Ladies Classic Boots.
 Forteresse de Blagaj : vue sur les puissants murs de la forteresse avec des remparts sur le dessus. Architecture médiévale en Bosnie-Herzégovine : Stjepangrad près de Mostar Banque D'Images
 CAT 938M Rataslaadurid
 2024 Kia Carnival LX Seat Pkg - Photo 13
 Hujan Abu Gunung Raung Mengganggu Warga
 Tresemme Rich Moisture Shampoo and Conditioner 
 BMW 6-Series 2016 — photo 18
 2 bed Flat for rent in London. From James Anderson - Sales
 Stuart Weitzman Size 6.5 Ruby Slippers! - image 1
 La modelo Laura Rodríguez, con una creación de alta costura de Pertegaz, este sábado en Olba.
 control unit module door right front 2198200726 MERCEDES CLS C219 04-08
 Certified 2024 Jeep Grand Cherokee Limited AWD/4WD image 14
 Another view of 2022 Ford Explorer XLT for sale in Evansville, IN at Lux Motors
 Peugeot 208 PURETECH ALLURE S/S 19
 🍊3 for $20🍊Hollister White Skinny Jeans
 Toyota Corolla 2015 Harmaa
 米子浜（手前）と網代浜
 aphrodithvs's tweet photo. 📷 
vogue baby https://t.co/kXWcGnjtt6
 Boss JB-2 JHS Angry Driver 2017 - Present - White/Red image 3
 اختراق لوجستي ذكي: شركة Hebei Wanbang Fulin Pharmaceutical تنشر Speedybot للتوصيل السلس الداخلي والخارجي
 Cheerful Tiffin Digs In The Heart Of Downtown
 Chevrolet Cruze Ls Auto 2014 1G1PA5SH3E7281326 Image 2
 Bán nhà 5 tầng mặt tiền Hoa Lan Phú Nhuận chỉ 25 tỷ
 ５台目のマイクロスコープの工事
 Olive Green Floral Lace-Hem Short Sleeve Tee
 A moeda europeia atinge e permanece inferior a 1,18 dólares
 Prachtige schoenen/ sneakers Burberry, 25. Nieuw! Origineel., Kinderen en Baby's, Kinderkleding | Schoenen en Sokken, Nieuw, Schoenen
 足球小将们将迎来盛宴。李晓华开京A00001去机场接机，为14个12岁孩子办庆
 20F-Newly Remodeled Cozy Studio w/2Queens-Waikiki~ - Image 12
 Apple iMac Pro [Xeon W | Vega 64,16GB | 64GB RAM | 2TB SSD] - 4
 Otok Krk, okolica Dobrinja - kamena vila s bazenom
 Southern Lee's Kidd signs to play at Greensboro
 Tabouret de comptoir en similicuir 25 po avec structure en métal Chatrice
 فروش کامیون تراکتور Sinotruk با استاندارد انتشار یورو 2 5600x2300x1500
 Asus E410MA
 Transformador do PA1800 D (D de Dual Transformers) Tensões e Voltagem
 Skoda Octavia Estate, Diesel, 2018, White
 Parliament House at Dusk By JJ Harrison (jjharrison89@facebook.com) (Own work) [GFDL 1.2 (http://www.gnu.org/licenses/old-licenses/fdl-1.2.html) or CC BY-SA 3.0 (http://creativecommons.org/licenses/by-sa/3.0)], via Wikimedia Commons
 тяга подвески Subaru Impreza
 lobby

## WORK TASK
What this exercise asks for is every line of the data above with the word "avec".

## FINAL ANSWER
 Forteresse de Blagaj : vue sur les puissants murs de la forteresse avec des remparts sur le dessus. Architecture médiévale en Bosnie-Herzégovine : Stjepangrad près de Mostar Banque D'Images
 Tabouret de comptoir en similicuir 25 po avec structure en métal Chatrice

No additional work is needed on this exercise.